Dada a situação única e privilegiada do dólar americano, os EUA, a partir de certo momento, passaram a poder emitir moeda cada vez que necessitavam, sem pensar nas consequências, e começaram a contrair empréstimos sem conta, esquecendo que um dia eventualmente seria necessário pagar. Por um lado, não necessitavam de ter em ouro o equivalente à moeda em circulação e, por outro lado, havia grande parte da sua dívida nas mãos de quem usava o dólar como garantia para os seus capitais e nos mais diversos países era usado como moeda de comércio internacional, logo ninguém estaria interessado na desvalorização e desacreditação da moeda…
Assim, ainda hoje, cada vez que é necessário dar resposta a uma crise económica, financeira, de saúde, militar ou apenas para agradar ao eleitorado e tentar ganhar as próximas eleições, os governos americanos vão à "máquina de fotocópias" e produzem dólares como se não houvesse amanhã. E, desse modo, acumularam uma dívida gigantesca. Atualmente, a dívida americana é de muito longe a maior do mundo e é superior a mais de 30 biliões de dólares (um bilião = um milhão de milhões). Anote-se que ainda em 2019 a dívida pública americana era de pouco mais de 22 biliões de dólares, ou seja, em três anos teve um crescimento gigantesco. Ela é tão grande que há muito quem pense que é virtualmente impossível de pagar ou que será muito difícil e doloroso se um dia os americanos tiverem que a pagar.
Ora o facto de o Brasil começar a negociar com moeda de outro país é apenas uma das muitas situações em que o comércio internacional começa a fugir ao controlo do dólar. Tanto a Arábia Saudita, como a Índia, a Rússia, a China, a Tanzânia, o Quénia, a Argentina, o Chile e muitos outros países já estão, ou vão em breve começar, a contratar bens e serviços em outras moedas, inclusivamente petróleo e outros produtos energéticos. Ao mesmo tempo, alguns países, como a China, vêm discretamente vendendo títulos da dívida americana e comprando e acumulando ouro. E os chineses são mestres da estratégia e da visão a longo prazo…
Se o dólar deixar de ser indispensável para comprar energia e outras commoditys, a prazo o valor dessa moeda pode cair e em consequência poderemos ter uma inflação descontrolada.
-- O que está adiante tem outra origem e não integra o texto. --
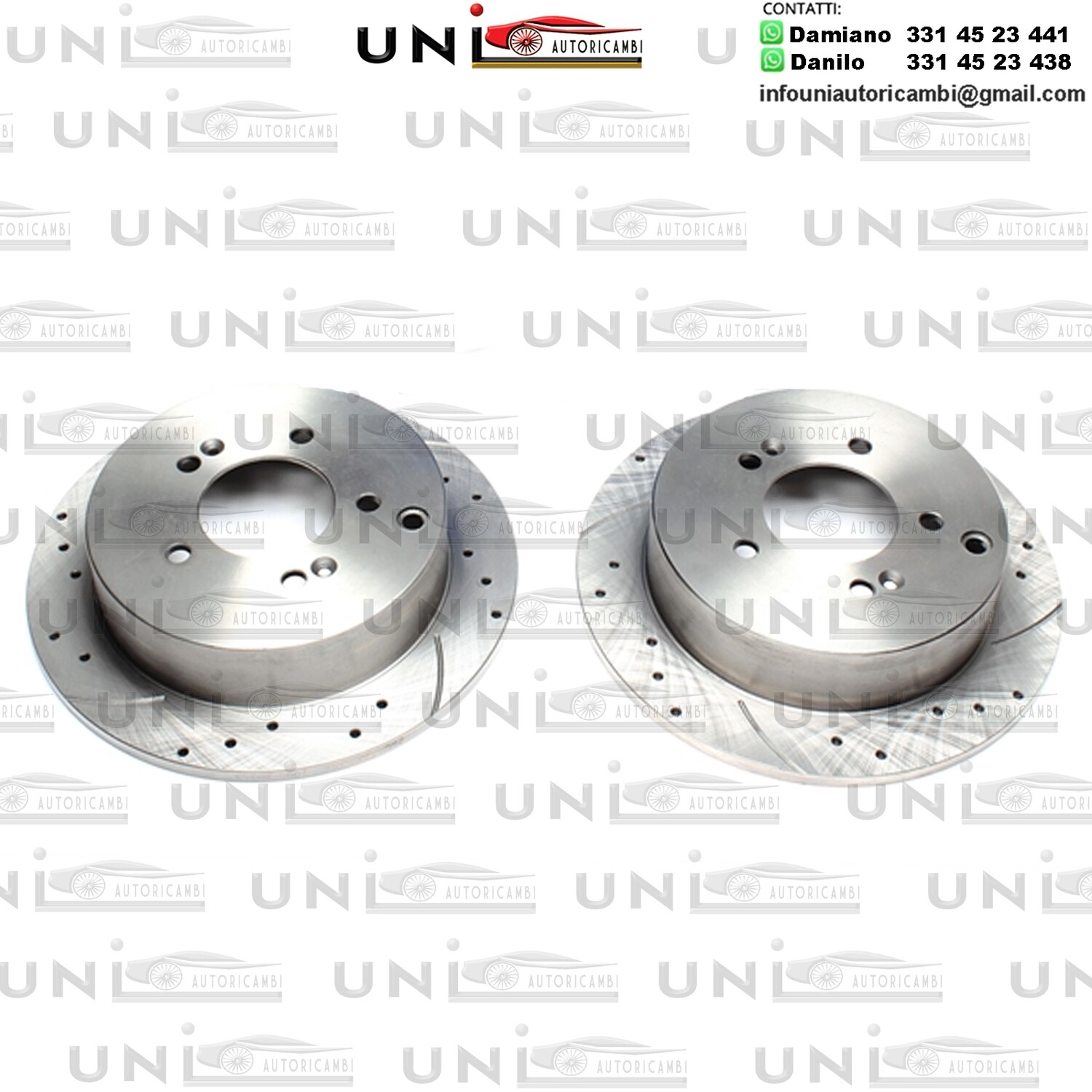 2X Dischi Sportivi Posteriori Hyundai IX35 / Santa Fé I / Trajet / Tucson / Kia Sportage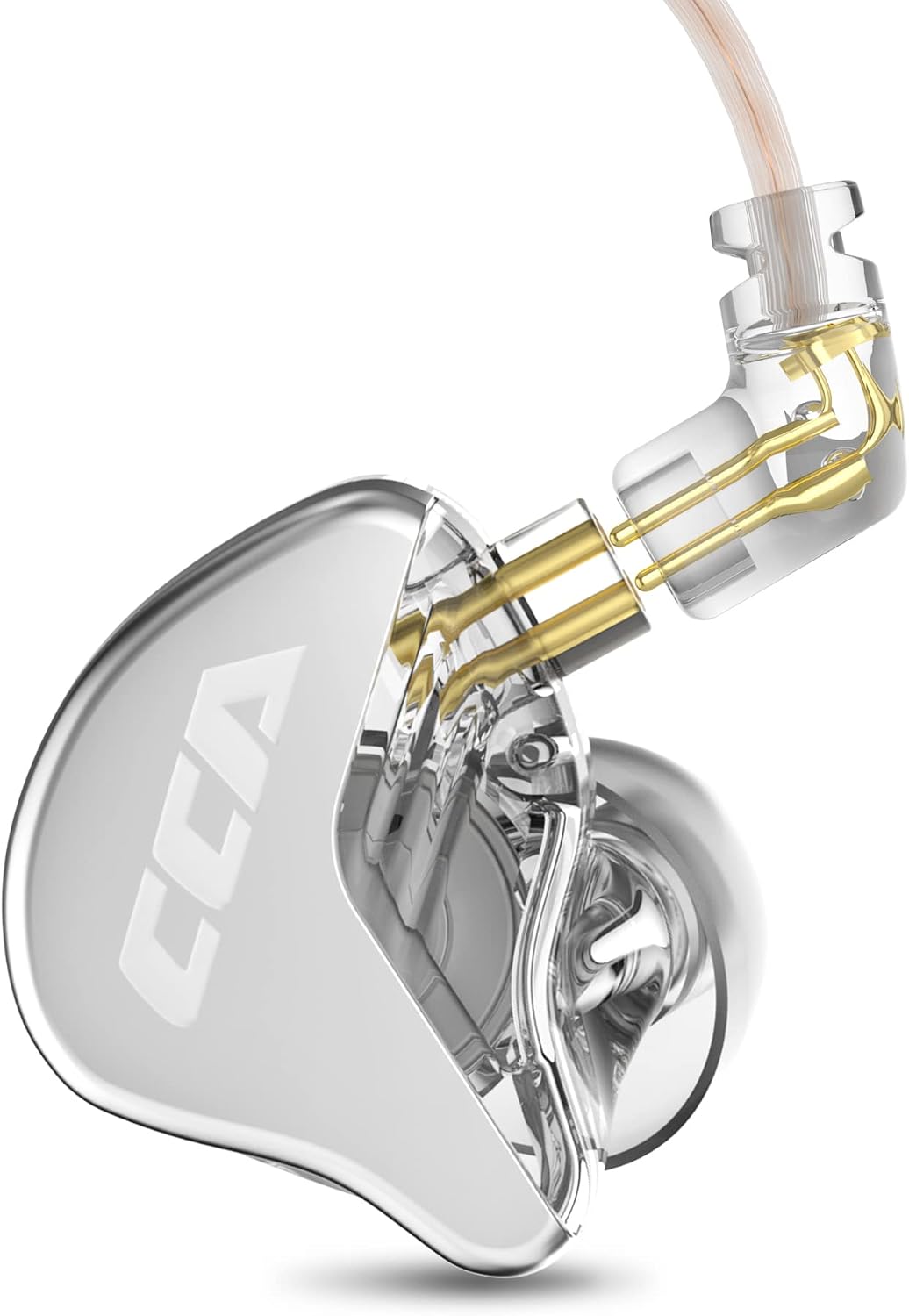 CRA in Ear Monitor Headphones, Ultra-Thin Diaphragm Dynamic Driver IEM Earphones, Clear Sound & Deep Bass, Wired
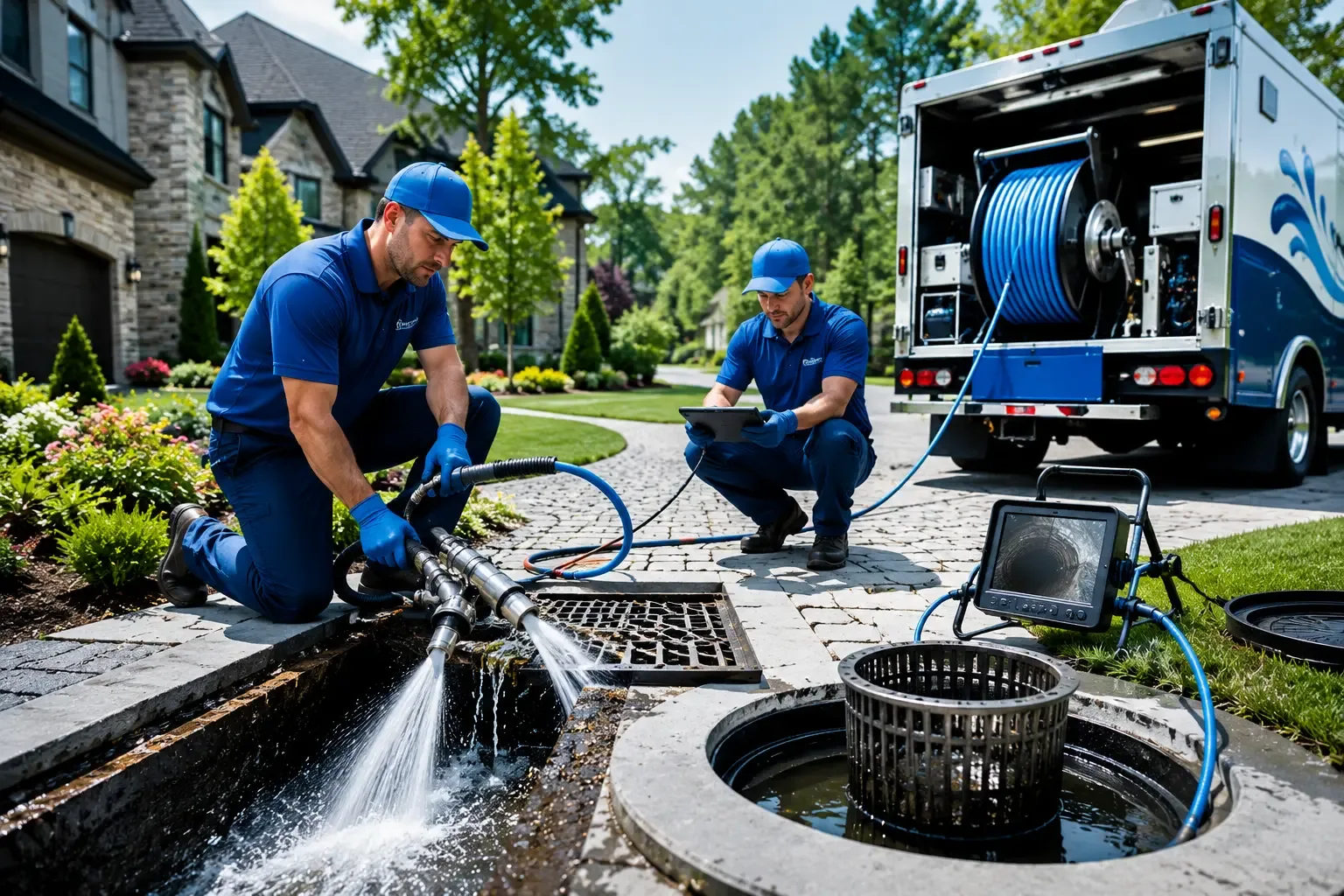 Local outdoor drain cleaning professionals in Two Rivers, WI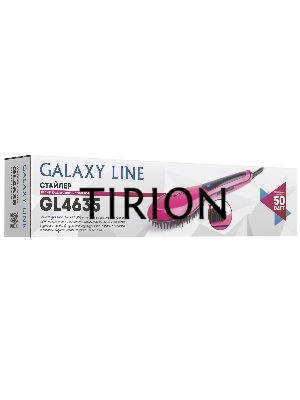 Стайлер Galaxy Line GL 4635, розовый, 50 Вт, керамическое покрытие рабочей поверхности, регулятор температурных режимов (80-230 С), светодиодный дисплей с индикацией температурных режимов, массажные зубчики для улучшения кровообращения кожи головы и стиму
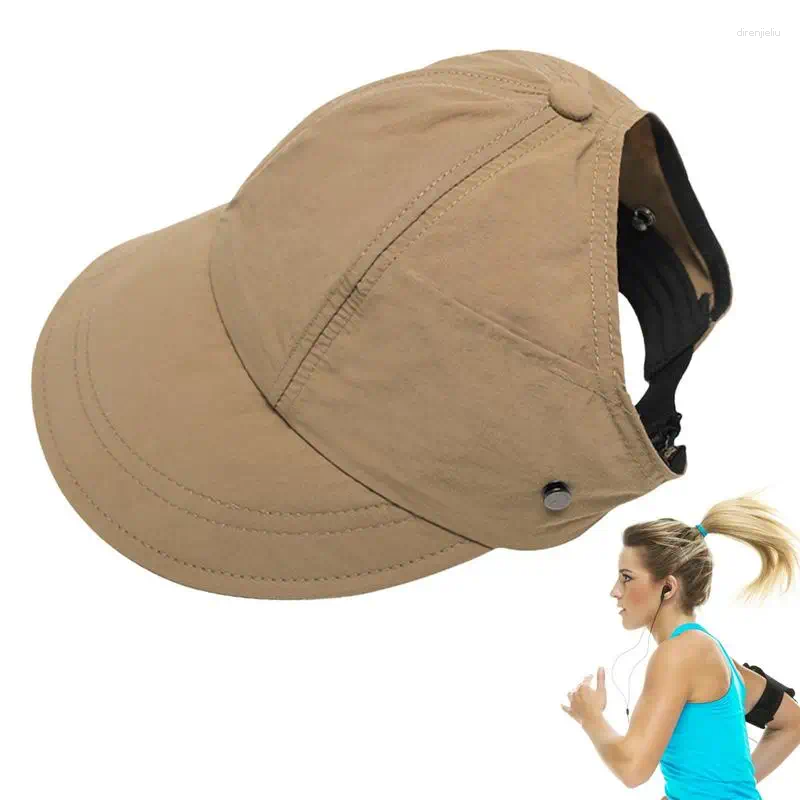 Cappellini da ciclismo Cappello parasole Protezione UV estiva con tesa larga Pieghevole da viaggio portatile per tennis Corsa Golf Pesca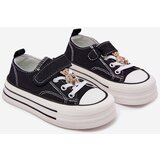 Boto Girls Sneakers With Gold Clip Bear Black Solena | shoptok.hr
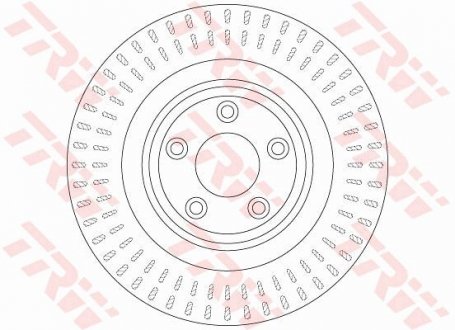 Гальмівний диск TRW DF6295 (фото 1)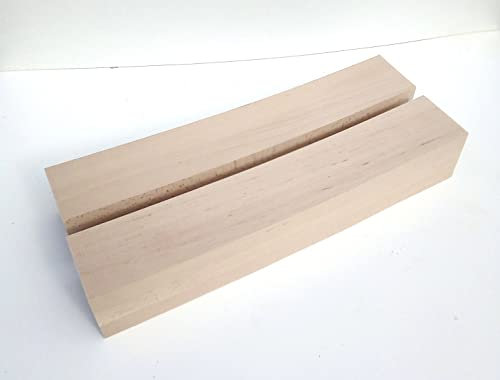 2 Tischfüße Kanthölzer Buche massiv, drechseln. Maße : 90x90mm stark. Hobelware. (9x9x25cm lang.)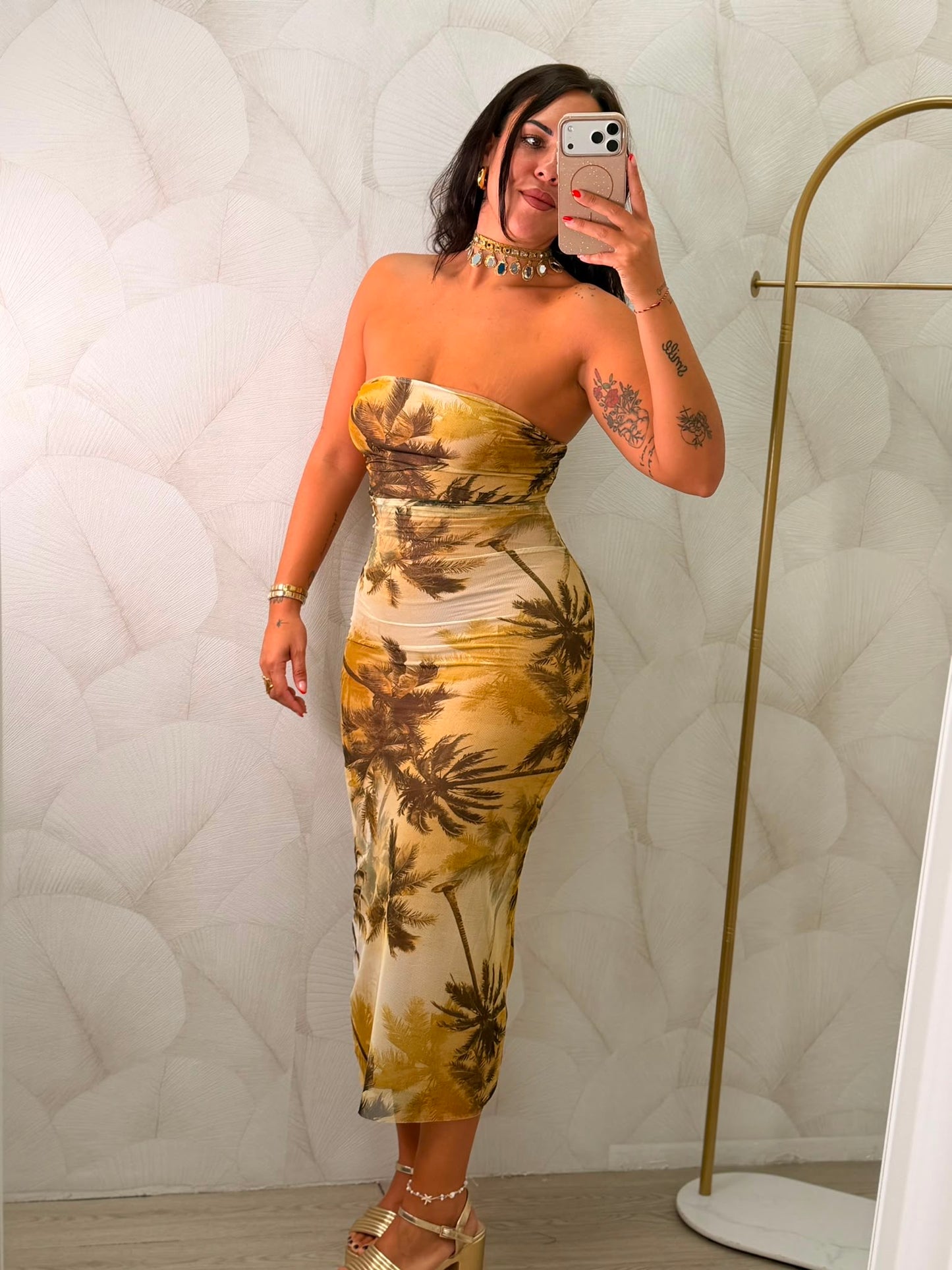 VESTIDO PALMERAS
Claro está que, se essa situação eventualmente ocorrer com o dólar americano nós, na União Europeia (UE) seremos infalivelmente contagiados, porque é estreita a ligação entre as economias europeia e americana, o sistema bancário está igualmente interdependente e, portanto, qualquer coisa que afete a economia americana terá implicações diretas neste lado do Atlântico.
Mas essa "desdolarização" do mundo por certo não acontecerá da noite para o dia, pelo próprio poder do sistema instalado e porque os rivais ao domínio americano também não estão interessados na criação do caos no Ocidente, tanto mais que necessitam dele para o prosseguimento do seu próprio crescimento e afirmação no mundo. Por isso, a mudança de domínio no comércio mundial demorará o seu tempo, o que poderão ser ainda muitos anos. A menos que os "mercados", que são "animais" nervosos e insaciavelmente gulosos, vejam numa mudança atabalhoada uma oportunidade de enriquecer ainda mais, por ter mais vantagens que prejuízos… Na incerteza, acho que, para nós, gente comum, quem possa ir convertendo as poupanças em investimento sólido provavelmente não se vai arrepender.